Work instruction → A faithful copy is needed of the lines below from the one with "Simplifying, negative eight" up to and including the one with "Working 3a: On"; set it down with no pictures and no other lines.

Excerpted data →
────────────────────

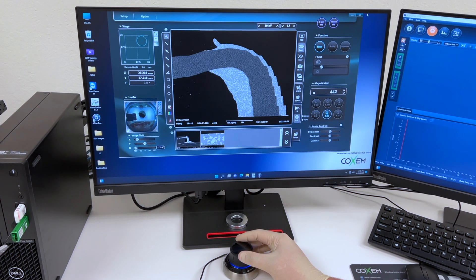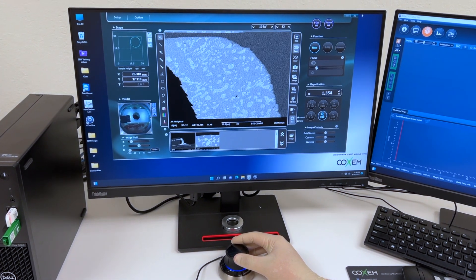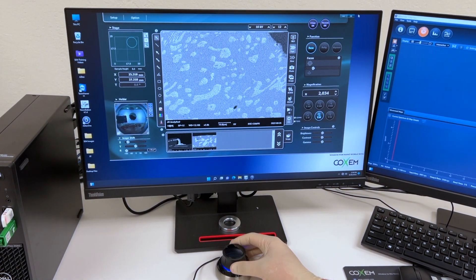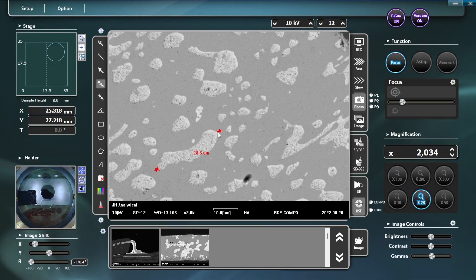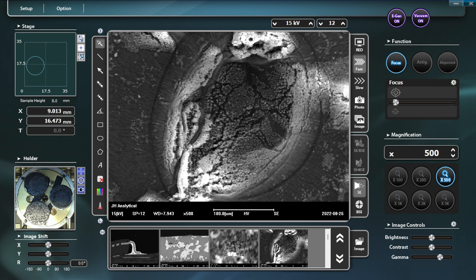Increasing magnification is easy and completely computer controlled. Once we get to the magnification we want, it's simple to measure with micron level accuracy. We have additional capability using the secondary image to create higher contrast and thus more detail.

────────────────────

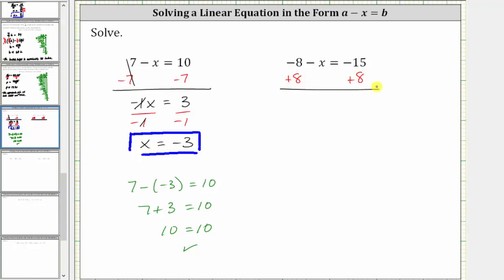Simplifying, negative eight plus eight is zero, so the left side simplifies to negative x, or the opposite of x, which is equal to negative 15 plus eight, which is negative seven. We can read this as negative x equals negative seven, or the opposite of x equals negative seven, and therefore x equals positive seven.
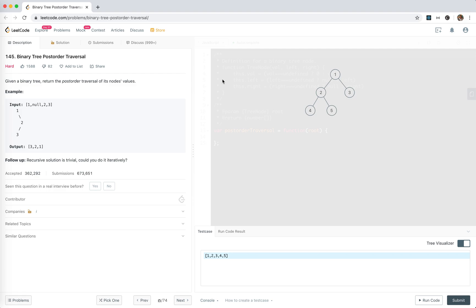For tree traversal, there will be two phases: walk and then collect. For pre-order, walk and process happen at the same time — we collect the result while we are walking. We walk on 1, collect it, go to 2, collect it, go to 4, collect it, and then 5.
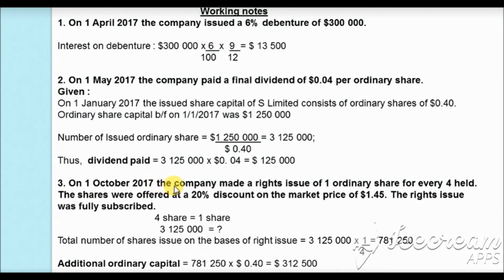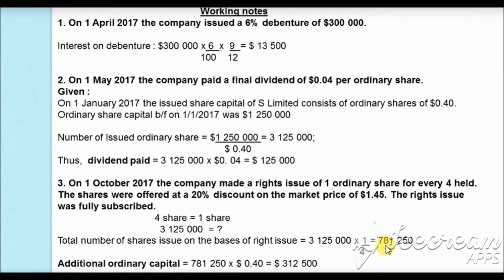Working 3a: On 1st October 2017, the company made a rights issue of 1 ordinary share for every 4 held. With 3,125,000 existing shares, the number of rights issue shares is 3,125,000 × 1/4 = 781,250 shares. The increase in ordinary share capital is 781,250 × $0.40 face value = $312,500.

────────────────────

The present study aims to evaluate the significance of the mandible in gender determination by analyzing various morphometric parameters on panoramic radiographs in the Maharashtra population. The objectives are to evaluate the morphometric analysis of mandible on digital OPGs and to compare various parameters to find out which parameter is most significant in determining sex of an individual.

────────────────────

Reply to the exercise →
Simplifying, negative eight plus eight is zero, so the left side simplifies to negative x, or the opposite of x, which is equal to negative 15 plus eight, which is negative seven. We can read this as negative x equals negative seven, or the opposite of x equals negative seven, and therefore x equals positive seven.
For tree traversal, there will be two phases: walk and then collect. For pre-order, walk and process happen at the same time — we collect the result while we are walking. We walk on 1, collect it, go to 2, collect it, go to 4, collect it, and then 5.
Working 3a: On 1st October 2017, the company made a rights issue of 1 ordinary share for every 4 held. With 3,125,000 existing shares, the number of rights issue shares is 3,125,000 × 1/4 = 781,250 shares. The increase in ordinary share capital is 781,250 × $0.40 face value = $312,500.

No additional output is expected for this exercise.